-----BEGIN PGP SIGNED MESSAGE-----
Hash: SHA256
Rop,
On 12/21/12 4:01 PM, rop wrote:
> I got the responsibility of maintaining a legacy web-application
> running on Tomcat 5.5.36 and using the *j_security_check* feature
> for user-authentication.
Obligatory warning: Tomcat 5.5.x is no longer supported. You will
likely get better help, feedback, results, etc. by upgrading. Most web
applications can be migrated to later versions (Tomcat 7.0.x is
current) with little adjustment.
Moving on...
To be clear, you're talking about using FORM authentication, right?
> One problem scenario I am looking into:
>
> When you first start the browser and logon to the application,
> everything works OK....
>
> The application receives the username from
> *request.getRemoteUser()* and looks up user-roles in config-tables,
> for exactly what each user is allowed to do in the GUI.
Technically, Tomcat uses role-based authorization for URL-patterns.
Whatever you do in the GUI is up to you.
> *The problem is* when a user leaves the application inactive for
> an extended time (not clear yet exactly how long, but more than an
> hour) and then submits a form.
In this case, the HttpSession has expired and the user is no longer
authenticated.
> It now appears that tomcat may have discarded the
> authentication-info, because of time-out I guess, and
> *request.getRemoteUser()* will return *null *, which result in a
> broken GUI-display.
Since Tomcat does not control your UI, this is your application's fault.
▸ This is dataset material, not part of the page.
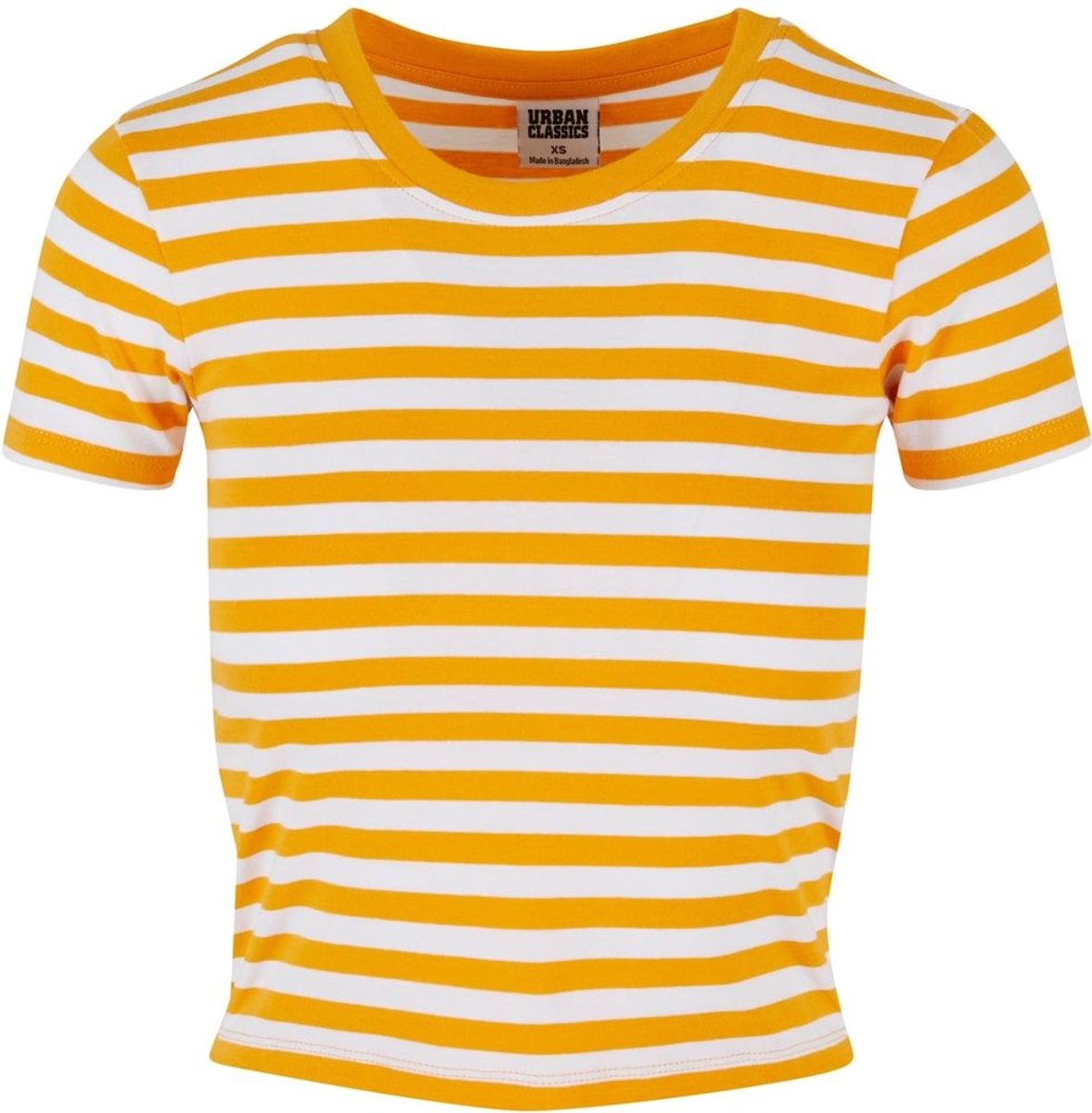 Urban Classics Short Striped Crop top 5XL Wit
> I would expect (prefer) Tomcat, in this case to request the
> login-credentials anew, before accessing the application, but for
> some reason it does not.
If you have a <security-constraint> with an <auth-constraint> on the
URL(s) you are serving, then Tomcat *will* request the user's
credentials anew. I suspect you have a simple "login" screen that is
protected and nothing else is.
> For info, the *web.xml* under *{TOMCAT_HOME}/config* has
> ...<session-timeout>240</session-timeout>...
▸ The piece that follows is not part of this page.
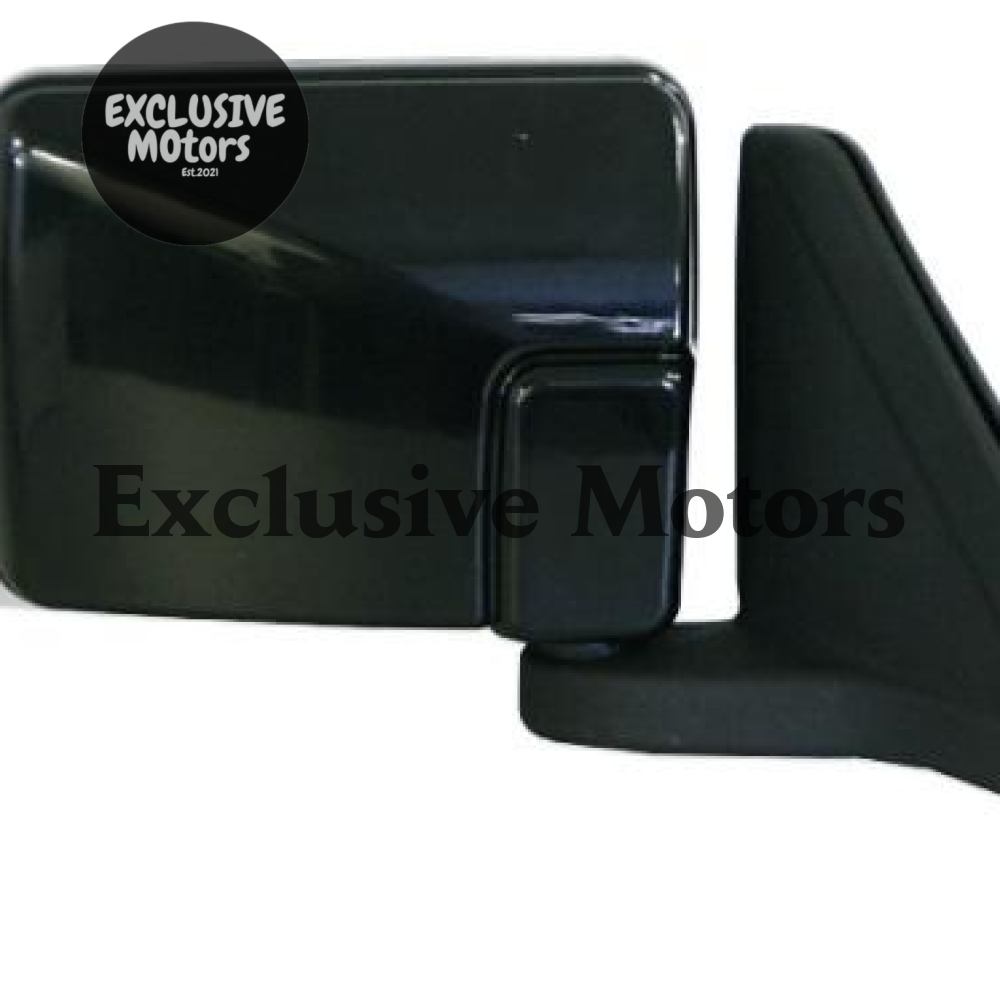 Right-Hand Mirror Black Corner Mount for Mitsubishi L200 Triton (1996-2005)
That is likely a mistake on your (or someone else at your
organization's) part.
> while the *web.xml* in the application WAR-file has no
> session-timeout specified at all.
This is the proper place for a web application's session timeout to be
set.
> What do I need to do to get Tomcat to always ask for
> login-credentials again, when needed, and make sure
> *request.getRemoteUser()* is never null when calling the
> application?
Please post an example URL to your web application that results in a
"broken GUI" after the session times-out.
Also, post all <security-constraint> elements (and their children)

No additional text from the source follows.